GitHub - pjwilliams/nematus-recon-scripts

Branches Tags

Name		Name	Last commit message	Last commit date
Latest commit History 5 Commits
README		README
combine-nbest-rcost.py		combine-nbest-rcost.py
normalize-nbest.py		normalize-nbest.py
recover-1best-alignment.py		recover-1best-alignment.py
rerank-recon.py		rerank-recon.py

Repository files navigation

Scripts for use with output from Nematus reconstructor (currently in
'reconstruction' branch of https://github.com/pjwilliams/nematus).

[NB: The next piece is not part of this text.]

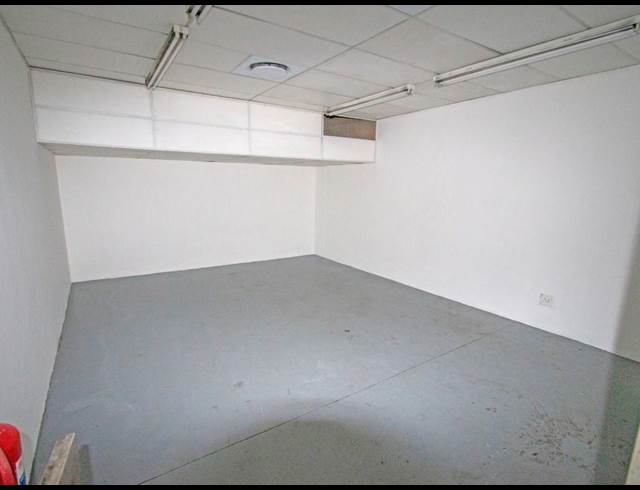 1,000M² SHOWROOM TO LET IN BRYANSTON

The basic workflow is as follows:

  TRAIN
  1. Train Nematus model as normal
  2. Continue training with reconstructor

  TEST
  1.  Generate unnormalized n-best list using model from training step 1 or 2
  2.  Rescore with reconstructor (generates separate reconstruction costs file)
  3.  Combine n-best and reconstruction costs files into extended n-best list
  4.  Normalize n-best list scores (alpha parameter controls length penalty)
  5.  Rerank to get new 1-best (lambda parameter controls reconstructor weight)

--------------------------------------------------------------------------------
TRAIN
--------------------------------------------------------------------------------
1. Train Nematus model as normal

2. Continue training with reconstructor by adding following options

      --use_reconstructor \
      --patience 100000 \

  The patience option is necessary because we are introducing reconstruction
  costs which will generally make the overall cost worse.  If the combined
  cost never drops below the best cost from step 1, then a low patience
  parameter would cause premature early stopping.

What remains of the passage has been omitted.